Agencies battle to prevent Crayfish Plague from spreading further upstream

Major containment operation in River Suir


Crayfish taken from the river Suir

A major containment operation is underway to stop the further spread of the plague that has killed hundreds of thousands of crayfish along the River Suir between Carrick-on-Suir and Clonmel.

The crayfish population along the river between the Coolnamuck Weir near Carrick-on-Suir town and Sir Thomas' Bridge near Clonmel has been wiped out by Crayfish Plague, a serious disease that only affects the native White Clawed Crayfish.

DNA test results confirmed that the plague was the cause of the mass deaths of the river's crayfish population between both towns last Tuesday, May 16.

According to environmental agencies, this outbreak of Crayfish plague is on a much greater scale than the last Irish outbreak on the Bruskey River in Co. Cavan two years ago. The cause of this outbreak is not known.

Ruth Hennessy, Executive Scientist at Tipperary Co. Council, said so far surveys have found no dead crayfish in Clonmel or upstream of the town. Crayfish are not found downstream of Carrick-on-Suir because the river water is not suitable for them as it's tidal.

"If the disease moves up into Clonmel and further upstream then the impact will be significantly worse. European experiences of similar outbreaks suggest that this may happen," Ms Hennessy warned.

The Co. Council along with Inland Fisheries Ireland, the National Parks and Wildlife Service, Local Authority Waters and Communities Office, other agencies, stakeholders and volunteers have been working together to identify river users and to distribute information to them about the "biosecurity precautions" they must take to stop the spread of the plague further upstream.

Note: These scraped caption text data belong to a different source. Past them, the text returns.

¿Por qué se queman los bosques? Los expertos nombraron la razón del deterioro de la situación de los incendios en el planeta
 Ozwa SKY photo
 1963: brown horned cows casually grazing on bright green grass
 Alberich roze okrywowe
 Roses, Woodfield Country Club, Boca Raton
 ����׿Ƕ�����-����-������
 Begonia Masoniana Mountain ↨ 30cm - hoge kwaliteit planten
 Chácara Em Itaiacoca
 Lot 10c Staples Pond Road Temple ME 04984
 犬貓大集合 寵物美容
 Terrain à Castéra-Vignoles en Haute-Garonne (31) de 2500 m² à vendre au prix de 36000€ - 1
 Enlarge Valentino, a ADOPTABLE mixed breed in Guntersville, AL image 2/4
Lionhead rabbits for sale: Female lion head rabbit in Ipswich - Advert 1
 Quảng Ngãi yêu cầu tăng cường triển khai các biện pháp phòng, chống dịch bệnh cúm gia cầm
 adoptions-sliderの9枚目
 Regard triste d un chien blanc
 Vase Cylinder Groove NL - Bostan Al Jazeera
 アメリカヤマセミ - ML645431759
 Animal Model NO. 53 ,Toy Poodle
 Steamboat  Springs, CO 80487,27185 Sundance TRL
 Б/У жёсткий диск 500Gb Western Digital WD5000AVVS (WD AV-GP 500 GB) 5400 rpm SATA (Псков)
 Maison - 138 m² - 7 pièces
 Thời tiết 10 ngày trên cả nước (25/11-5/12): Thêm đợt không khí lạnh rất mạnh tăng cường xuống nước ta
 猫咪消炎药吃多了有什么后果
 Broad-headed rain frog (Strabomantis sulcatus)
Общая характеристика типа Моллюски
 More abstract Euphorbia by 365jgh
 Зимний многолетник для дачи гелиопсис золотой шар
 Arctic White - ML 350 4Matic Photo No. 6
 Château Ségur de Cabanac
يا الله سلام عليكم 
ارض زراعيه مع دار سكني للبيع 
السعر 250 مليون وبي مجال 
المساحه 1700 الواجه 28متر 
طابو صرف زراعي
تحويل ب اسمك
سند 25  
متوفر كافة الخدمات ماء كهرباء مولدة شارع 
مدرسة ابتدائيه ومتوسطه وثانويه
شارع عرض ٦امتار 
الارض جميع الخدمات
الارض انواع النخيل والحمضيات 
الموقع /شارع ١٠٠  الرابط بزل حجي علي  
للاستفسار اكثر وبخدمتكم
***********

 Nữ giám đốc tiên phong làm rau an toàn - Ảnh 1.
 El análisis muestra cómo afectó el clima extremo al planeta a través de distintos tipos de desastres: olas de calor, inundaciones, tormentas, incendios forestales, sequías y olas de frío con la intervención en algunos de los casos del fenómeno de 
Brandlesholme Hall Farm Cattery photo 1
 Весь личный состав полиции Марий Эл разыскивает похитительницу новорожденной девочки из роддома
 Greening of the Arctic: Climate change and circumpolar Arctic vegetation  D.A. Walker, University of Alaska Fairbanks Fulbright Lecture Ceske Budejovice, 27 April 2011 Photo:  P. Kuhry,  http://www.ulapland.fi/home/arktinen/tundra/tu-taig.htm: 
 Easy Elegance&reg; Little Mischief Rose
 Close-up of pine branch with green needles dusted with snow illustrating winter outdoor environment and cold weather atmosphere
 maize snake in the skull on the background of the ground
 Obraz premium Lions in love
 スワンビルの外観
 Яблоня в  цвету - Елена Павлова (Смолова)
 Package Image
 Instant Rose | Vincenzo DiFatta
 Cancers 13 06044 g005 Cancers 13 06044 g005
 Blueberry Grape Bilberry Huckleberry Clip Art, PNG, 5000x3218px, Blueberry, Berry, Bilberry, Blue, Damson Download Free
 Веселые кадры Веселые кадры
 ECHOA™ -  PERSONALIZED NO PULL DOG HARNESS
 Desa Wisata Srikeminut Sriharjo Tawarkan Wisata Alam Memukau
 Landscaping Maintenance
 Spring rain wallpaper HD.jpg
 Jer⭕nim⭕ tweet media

The precautions include observing the ‘Check, Clean and Dry’ protocol once they leave the river and before using it again. This means that all wet gear,namely boats, clothing and equipment should be checked for any silt or mud, plant material or animals before being cleaned and finally dried.

Disinfectant or hot water (over 40 degrees Celsius) should be used to clean all equipment and this should be followed by a 24 hour drying period.

The drying period is especially important in ensuring that all equipment is clear of infectious organism, including the removal of any water inside the boat.

The Crayfish Plague organism can be carried on wet equipment to new sites and containment of the outbreak is essential to prevent spread to other unaffected populations in Ireland.

More than 100 signs have been erected along the River Suir and its main tributaries advising river users of these biosecurity measures.

Ms Hennessy said the national agencies are meeting in Clonmel this week to further plan the response to the Crayfish Plague outbreak and develop a longer term strategy in partnership with the relevant bodies.

Dr. Fran Igoe of the Local Authority Waters and Communities Office, appealed to river users to avoid moving from the River Suir below Clonmel to upstream of Clonmel.

"It is possible if the infection is limited to the lower river that it may disappear over the coming weeks once it reaches barriers such as weirs which sick crayfish have difficulty getting over."

He said the River Suir has a significant Crayfish population, which is internationally important on account of the large size of the catchment (3,500km2) and its relatively clean water.

"For this reason Crayfish were listed as a species of conservation importance when the river was designated as a Special Area of Conservation under the EU Habitats Directive. When we surveyed otters last September in Ardfinnan, we found that they were feeding exclusively on Crayfish.

"We know that they are also an important food source and also provide important ecosystem services to the river by cleaning up detritus. Contrary to a popular belief Crayfish are not a threat to fish and both salmon and trout feed on them, especially the juveniles," Dr Igoe added.

Reports of dead and dying crayfish on the River Suir upstream of Carrick-on-Suir were first brought to the attention of Inland Fisheries Ireland by anglers on Friday, May 5 and an investigation was begun.

Pollution was quickly ruled out as the cause of their deaths as water samples taken by Tipperary Co Council found that other invertebrates in the river were not affected.